The Movie Waffler New Release Review - BLANK | The Movie Waffler

New Release Review - BLANK

Blank review
A writer is trapped in a secluded retreat by a malfunctioning AI.

Review by Eric Hillis

Directed by: Natalie Kennedy

Starring: Rachel Shelley, Heida Reed, Wayne Brady

Blank poster

Stephen King's Misery gets a sci-fi spin, one that mines our growing apprehensions around Artificial Intelligence, in director Natalie Kennedy's confined thriller Blank. Rather than a writer being forced to work by an obsessive fan, the author here is held captive by a malfunctioning android.

At some undetermined point in the all too near future, acclaimed author Claire (Rachel Shelley) is suffering from a case of writer's block. At the behest of her nervy publisher, Claire heads to a secluded retreat designed to help writers focus on their work. The compound, which resembles the sort of loft the protagonists of '90s erotic thrillers always seemed to live in, is run entirely by AI, presenting Claire with two servants. One is an Alexa-like holographic entity, which she names Henry (Wayne Brady). The other is an android named Rita (Heida Reed), who bears the appearance of a stereotypical 1950s housewife and performs similar duties.

Blank review

Claire is also presented with a gadget that attaches to her head in order to stimulate creativity. When the gizmo brings back traumatic childhood memories, Claire dispenses with it, but begrudgingly accepts its aid when she fails to find any natural stimulation. This leads to a flashback sub-plot in which we see the young Claire (Annie Cusselle) live out a Cinderella-esque life of confined misery, with her overbearing blind mother (Rebecca Clare-Evans) assuming the role of the ugly sisters.

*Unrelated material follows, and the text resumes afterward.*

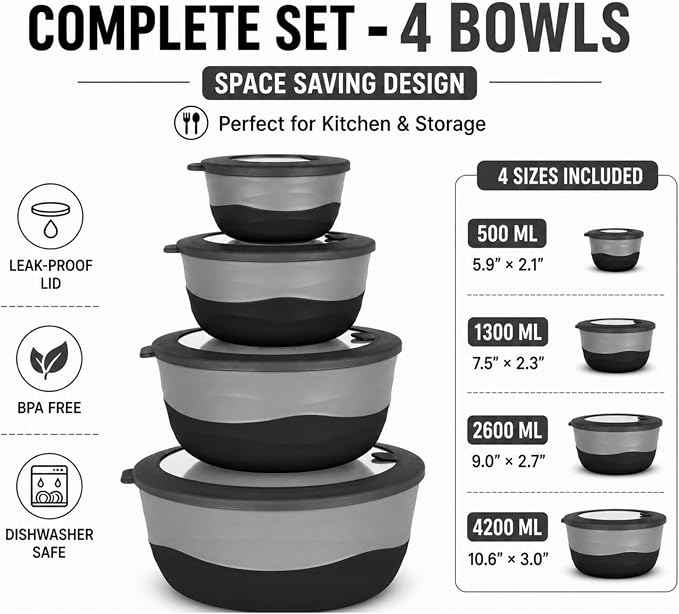 Pera Mixing Bowls with Lids Set, 8 Piece, BPA Free Nesting Kitchen Bowl Set - Image 4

The idea of a writer rushing towards a deadline takes centre stage when a cyber attack leads to the compound being breached by hackers. Henry goes largely offline while Rita is reset to believe that she can only allow Claire to leave once she has finished writing her book. Unable to access the exits without Rita's approval, Claire is forced to knuckle down and write.

Blank review

Blank examines AI in a couple of ways we haven't seen before. It raises the question of whether a machine can understand art. When Claire presents Rita with what she considers her finished book, the android rejects it, claiming it doesn't have a real ending. As art is chiefly subjective, can it be judged by a machine programmed to view the world through an objective lens? What would an android make of a Jackson Pollock painting?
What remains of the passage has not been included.